**WHAT THE EXERCISE ASKS:**
In the listing below, a line holding "Used 2023 Toyota" and a line holding "与剪影天线的夕阳的天空 — 图库照片" mark the range. Retype both exactly, with all lines between them.

**SOURCE DATA:**
··········

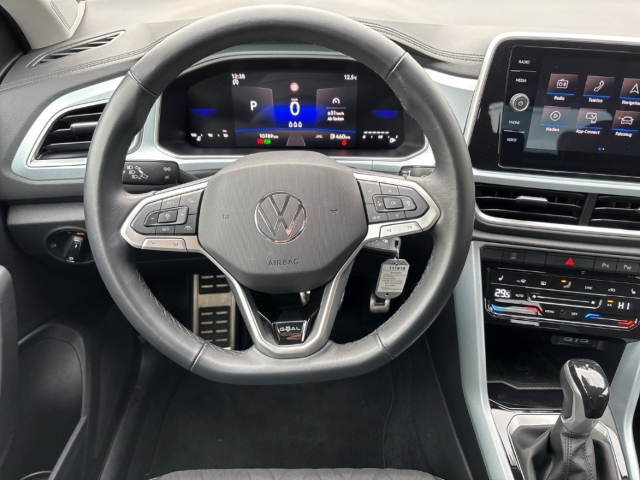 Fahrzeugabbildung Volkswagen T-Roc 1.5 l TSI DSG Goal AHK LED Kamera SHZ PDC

··········

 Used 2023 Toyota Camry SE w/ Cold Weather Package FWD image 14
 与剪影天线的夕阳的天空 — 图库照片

··········

**RESPONSE FOR THIS EXERCISE:**
 Used 2023 Toyota Camry SE w/ Cold Weather Package FWD image 14
 与剪影天线的夕阳的天空 — 图库照片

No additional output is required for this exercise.